Le plus remarquable, c’est que ce dernier vote n’est pas simplement le fruit d’une coalition des xénophobes, des eurosceptiques et des nationalistes de tous bords, mais bien la jonction d’une droite prétendument pro-européenne avec ceux qui veulent entourer leurs frontières nationales de murs et de barbelés et brise l’Union. Sans le moindre sentiment de honte ou de contradiction, ceux qui, jour après jour, au nom de la liberté du commerce et de la libre concurrence, s’affranchissent des frontières nationales pour que circulent librement finance, biens, services ou travailleurs, n’hésitent pas à les renforcer, dès lors qu’une avancée démocratique menacerait leurs petites boutiques.

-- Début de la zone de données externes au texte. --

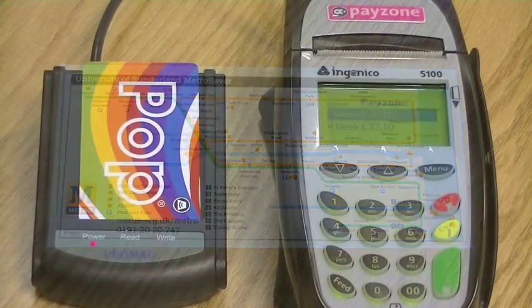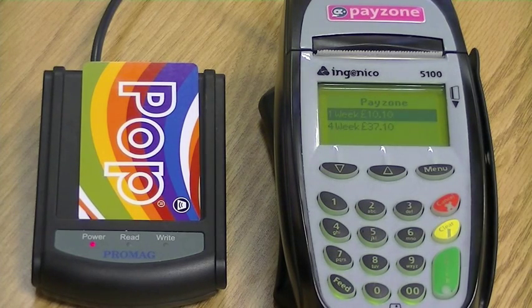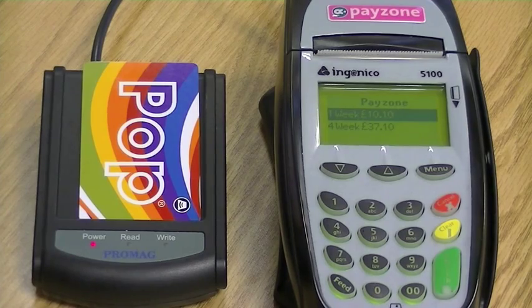Now select weekly or monthly. Sometimes the weekly option will only be shown, as this is the product available to the Smart Card.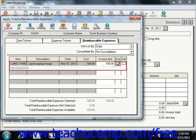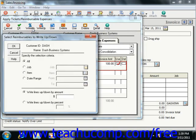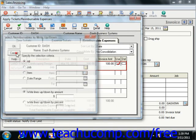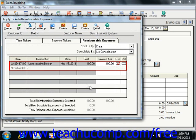You can use the Write Up button to mark up specific items by an amount or a percentage. You can also type in any markups to the amount by manually changing the amounts listed within the invoice.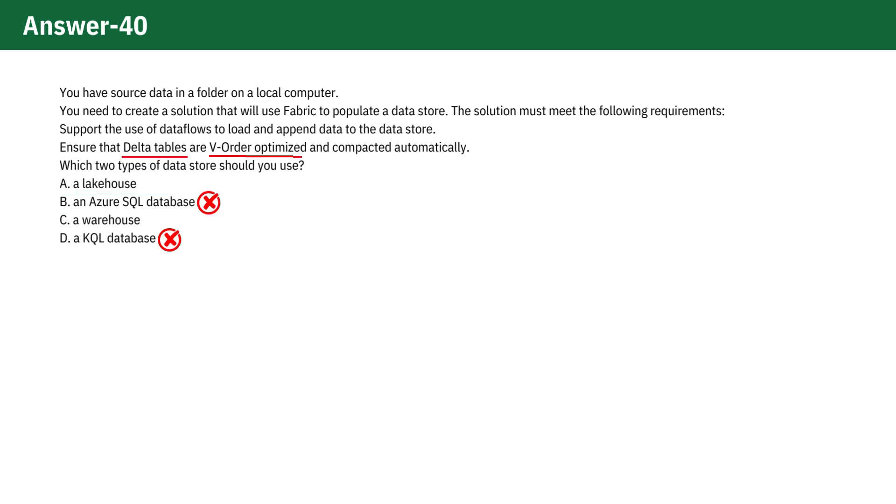Firstly, we can remove option B and D because Azure SQL database and KQL database are not suitable.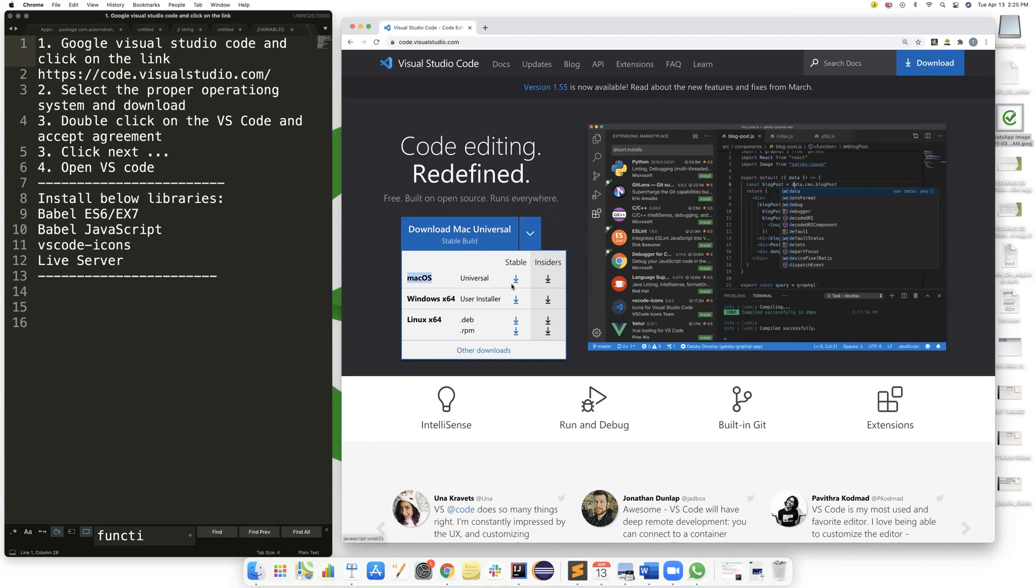If it is Mac, click on this. If it is Windows, click on that. If it is Linux, click on this. So I will click on the one that is for Mac because my computer is a Mac computer. So I will click on this stable universal version.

La disparition des 73 sièges britanniques en mars 2019 offrait pourtant l’opportunité, sans porter atteinte aux représentations nationales, de créer des listes transnationales pour les élections européennes. Ces listes, qui dépasseraient les frontières, auraient permis à des mouvements européens de défendre un programme et un projet identiques dans tous les pays de l’Union. Indépendamment des nationalités de celles et ceux qui les portent. Il s’agissait de faire écho, par cette circonscription commune, à l’espace unique continental à l’échelle duquel peuvent se résoudre les problématiques climatique et environnementale, de santé, d’alimentation, d’énergie, de mobilité, d’industrie, du numérique ou de diplomatie. N’est-ce pas à cet échelon que les multinationales opèrent ? Y a-t-il un ressort pour établir des régulations fiscales et financières ? A ce niveau, chacun le sait ou le devine, pourraient être mises en place les mesures sociales et de solidarité, ainsi que l’accueil digne de millions d’êtres humains qui fuient souffrance, misère et persécution.

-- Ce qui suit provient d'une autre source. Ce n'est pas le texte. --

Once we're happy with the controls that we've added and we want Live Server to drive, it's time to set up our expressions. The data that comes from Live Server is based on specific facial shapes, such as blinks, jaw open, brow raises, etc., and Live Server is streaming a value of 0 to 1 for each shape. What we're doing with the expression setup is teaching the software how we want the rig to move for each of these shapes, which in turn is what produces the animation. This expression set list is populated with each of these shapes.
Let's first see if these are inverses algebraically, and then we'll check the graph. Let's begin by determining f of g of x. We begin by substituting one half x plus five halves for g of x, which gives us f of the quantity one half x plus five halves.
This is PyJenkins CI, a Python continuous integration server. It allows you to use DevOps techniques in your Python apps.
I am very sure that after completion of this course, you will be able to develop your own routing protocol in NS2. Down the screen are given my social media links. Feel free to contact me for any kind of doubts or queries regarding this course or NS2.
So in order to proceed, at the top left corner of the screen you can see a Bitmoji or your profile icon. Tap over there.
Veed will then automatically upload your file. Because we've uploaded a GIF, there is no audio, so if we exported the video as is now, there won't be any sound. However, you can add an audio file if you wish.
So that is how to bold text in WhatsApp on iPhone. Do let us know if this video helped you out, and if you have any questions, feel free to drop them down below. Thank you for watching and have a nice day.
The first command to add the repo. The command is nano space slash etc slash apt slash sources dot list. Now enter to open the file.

On pouvait s’attendre à un vote d’enthousiasme
Il s’agissait d’un premier pas, symbolique mais réel, vers la construction d’un parlement directement représentatif d’une Europe politique. C’est-à-dire d’une communauté originale, au delà de la simple addition des nations qui la compose. Les listes transnationales faisaient sauter les verrous de l’exclusivité de la représentation politique nationale, souvent obsolète et discréditée. Elles obligeaient des mouvements de toute l’Europe à se fédérer pour repenser un destin commun et se réapproprier un imaginaire collectif. Dès lors que les groupes politiques « pro-européens » sont très largement majoritaires au Parlement européen, on pouvait s’attendre à un vote d’enthousiasme, d’autant plus facile à accepter que la modification, de portée réduite, concernait moins de 5% du futur Parlement.